Selain itu, menurutnya cara memperlakukan hewan ini pun sangat tidak layak yaitu penjagalan, cara pengikatan, pembantaian, dan penyembelihan anjing yang tidak higienis.

Menurut Galopong Sianturi, Kasubdit Peningkatan Mutu dan Kecukupan Gizi Kementerian Kesehatan, daging anjing juga merupakan media pembawa cacing pita dan berpotensi menyebabkan hipertensi karena kadar natriumnya yang tinggi.

“Sampai saat ini masih ada sugesti dari masyarakat, jika mengalami penyakit Demam Berdarah justru malah menganjurkan minum sop daging anjing, padahal belum dibuktikan secara laboratoris,” tambah Galopong Sianturi, Senin (5/11).

Untuk menghapus status rabies memang perlu adanya regulasi dan aturan hukum dari berbagai aspek. Seperti aturan hukum harus lengkap yang mengatur mengenai daging anjing itu layak atau tidak layak sebagai bahan pangan.
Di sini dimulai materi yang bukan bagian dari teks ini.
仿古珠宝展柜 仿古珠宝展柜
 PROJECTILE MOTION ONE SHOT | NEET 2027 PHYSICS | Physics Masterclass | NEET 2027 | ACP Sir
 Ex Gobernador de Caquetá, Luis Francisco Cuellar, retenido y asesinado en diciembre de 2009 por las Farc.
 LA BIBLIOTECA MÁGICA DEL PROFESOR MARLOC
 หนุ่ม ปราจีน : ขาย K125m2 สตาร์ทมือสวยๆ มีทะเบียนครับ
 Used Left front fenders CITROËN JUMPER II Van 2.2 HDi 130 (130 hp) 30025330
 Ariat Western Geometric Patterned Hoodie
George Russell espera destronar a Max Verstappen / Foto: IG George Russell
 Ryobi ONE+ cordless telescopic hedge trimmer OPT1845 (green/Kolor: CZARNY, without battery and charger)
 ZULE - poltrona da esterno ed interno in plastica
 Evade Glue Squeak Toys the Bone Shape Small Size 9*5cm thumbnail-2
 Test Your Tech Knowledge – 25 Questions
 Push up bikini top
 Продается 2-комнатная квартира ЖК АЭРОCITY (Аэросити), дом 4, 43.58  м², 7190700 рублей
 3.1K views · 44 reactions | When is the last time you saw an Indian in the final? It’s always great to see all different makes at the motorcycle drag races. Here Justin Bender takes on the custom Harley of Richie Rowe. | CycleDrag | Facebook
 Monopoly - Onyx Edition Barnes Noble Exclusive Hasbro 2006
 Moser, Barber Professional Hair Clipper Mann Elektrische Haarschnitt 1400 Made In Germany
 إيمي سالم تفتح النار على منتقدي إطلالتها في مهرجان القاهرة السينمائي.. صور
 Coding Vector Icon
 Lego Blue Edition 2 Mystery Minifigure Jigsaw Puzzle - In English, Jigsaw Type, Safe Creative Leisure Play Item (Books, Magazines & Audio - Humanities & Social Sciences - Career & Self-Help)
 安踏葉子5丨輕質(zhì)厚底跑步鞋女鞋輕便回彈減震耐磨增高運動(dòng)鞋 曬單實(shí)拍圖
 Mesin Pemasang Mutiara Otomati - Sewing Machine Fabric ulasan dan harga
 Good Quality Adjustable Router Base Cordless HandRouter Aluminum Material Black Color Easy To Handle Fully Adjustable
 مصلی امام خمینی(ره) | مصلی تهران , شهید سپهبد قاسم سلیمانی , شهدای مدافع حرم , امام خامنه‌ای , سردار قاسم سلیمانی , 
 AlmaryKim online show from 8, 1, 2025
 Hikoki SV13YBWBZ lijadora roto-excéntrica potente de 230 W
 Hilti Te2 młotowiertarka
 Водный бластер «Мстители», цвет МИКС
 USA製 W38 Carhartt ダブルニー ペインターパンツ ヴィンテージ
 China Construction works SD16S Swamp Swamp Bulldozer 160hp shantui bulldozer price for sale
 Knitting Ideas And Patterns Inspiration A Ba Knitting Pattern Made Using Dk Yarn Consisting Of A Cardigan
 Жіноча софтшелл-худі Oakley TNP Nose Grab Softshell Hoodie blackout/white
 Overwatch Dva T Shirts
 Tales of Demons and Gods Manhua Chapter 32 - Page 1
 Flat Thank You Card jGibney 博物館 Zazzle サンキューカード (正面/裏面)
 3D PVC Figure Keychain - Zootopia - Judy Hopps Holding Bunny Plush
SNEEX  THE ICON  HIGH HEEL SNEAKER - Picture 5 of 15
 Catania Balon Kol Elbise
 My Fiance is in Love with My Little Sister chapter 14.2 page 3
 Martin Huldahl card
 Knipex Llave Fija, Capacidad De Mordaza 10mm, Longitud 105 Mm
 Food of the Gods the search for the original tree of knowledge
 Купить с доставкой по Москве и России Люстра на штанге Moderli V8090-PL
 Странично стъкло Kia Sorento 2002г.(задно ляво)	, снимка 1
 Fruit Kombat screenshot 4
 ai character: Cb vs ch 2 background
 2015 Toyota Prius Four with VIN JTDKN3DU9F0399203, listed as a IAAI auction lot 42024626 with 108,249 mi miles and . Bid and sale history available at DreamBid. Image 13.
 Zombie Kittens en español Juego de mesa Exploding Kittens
Kemudian dr. Wiwiek Bagja sebagai perwakilan Perhimpunan Dokter Hewan Indonesia juga menyatakan bahwa tindakan-tindakan terhadap hewan yang dikategorikan kejam sama halnya dengan melakukan kriminalitas.

“Perjuangan belum selesai jika aturan-aturan hukum belum lengkap, lalu aturan hukum harus bisa memuat posisi yang diperlakukan terhadap hewan, apapun yang kejam adalah pidana,” ucap dr. Wiwiek Bagja.

Terakhir, Sophia Latjuba juga turut hadir di acara ‘Satu Juta Petisi Dog Meat Free Indonesia’, sekaligus menjadi pendukung dalam petisi ini, ia berharap tujuan mencapai Indonesia bebas rabies tercapai dimana semua tidak ada lagi yang menyediakan daging anjing, serta harus terus dipantau oleh orang yang berkewajiban, dan edukasi terhadap masyarakat juga harus berjalan.